SafeLives' statement on election manifestos
SafeLives responds to the election manifestos of the main parties
There are some inclusions in the Election manifestos of the main parties which SafeLives warmly welcomes. We are very pleased to see, for example, the Conservatives’ suggestion that Police and Crime Commissioners should as standard be members of local Health and Wellbeing boards. The connections between domestic abuse, other forms of vulnerability and exploitation, and health, are well evidenced, but not acted on often enough. Creating stronger links between PCCs and their health counterparts is important if in the future we are genuinely going to see domestic abuse treated as everybody’s business.
We are also pleased to see that parties now share a commitment to making it compulsory to teach young children about sexual consent and relationships. We will want to see more detail from the parties about how the quality of this teaching is going to be assured, and monitored.
The appointment of a DVA-specific or more general VAWG commissioner might be a helpful step forward, though this will be contingent on the status, powers, resources and access this person is provided with, and how their relationship both with specialist organisations, and the Government and its statutory agencies, is managed.
It is extremely disappointing not to see a commitment from any party to the frontline specialists who keep victims of domestic violence and abuse safe in their own homes. We know that for a small number of victims and survivors, a change of accommodation will be their only choice. However, only around 20% of domestic abuse victims who get support need to access accommodation-based services. The other 80% desperately need high quality support to stay in their own home and community. The imperative to ‘leave’ should rest with the person causing harm, the perpetrator. In that situation, the victim/survivor and any children they have must have access to a highly qualified professional who will help reduce risk to their safety and work with them to get their other needs addressed. These specialists operate in community and health-based settings to hugely beneficial effect, but the main political parties have chosen not to mention them. There is also no mention of strengthening the response to perpetrators – fewer than 1% of whom currently get any kind of intervention.

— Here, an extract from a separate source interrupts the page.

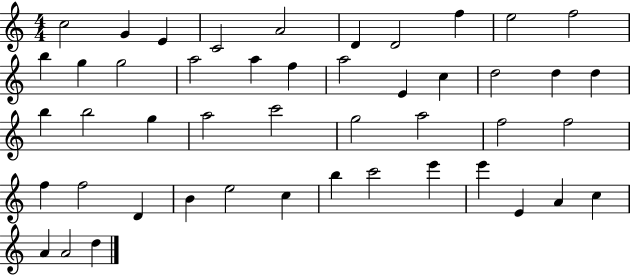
C5/h G4/q E4/q C4/h A4/h D4/q D4/h F5/q E5/h F5/h B5/q G5/q G5/h A5/h A5/q F5/q A5/h E4/q C5/q D5/h D5/q D5/q B5/q B5/h G5/q A5/h C6/h G5/h A5/h F5/h F5/h F5/q F5/h D4/q B4/q E5/h C5/q B5/q C6/h E6/q E6/q E4/q A4/q C5/q A4/q A4/h D5/q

The manifestos suggest we continue to ask why the victim doesn’t leave, rather than why the perpetrator doesn’t stop. At SafeLives we will continue to urge the parties to think about how those who have been made vulnerable can be supported to be safe in their own home, which is everyone’s right.
Notes to editors
We are a national charity dedicated to ending domestic abuse, for good. We combine insight from services, survivors and statistics to support people to become safe, well and rebuild their lives. Since 2005, SafeLives has worked with organisations across the country to transform the response to domestic abuse, with over 60,000 victims at highest risk of murder or serious harm now receiving co-ordinated support annually.
No one should live in fear. It is not acceptable, not inevitable, and together – we can make it stop.
Every year, two million people experience domestic abuse. There are 100,000 people at risk of being murdered or seriously harmed; 130,000 children live in those households. For every person being abused, there is someone else responsible for that abuse: the perpetrator. And all too often, children are in the home and living with the impact.
Domestic abuse affects us all; it thrives on being hidden behind closed doors. We must make it everybody’s business.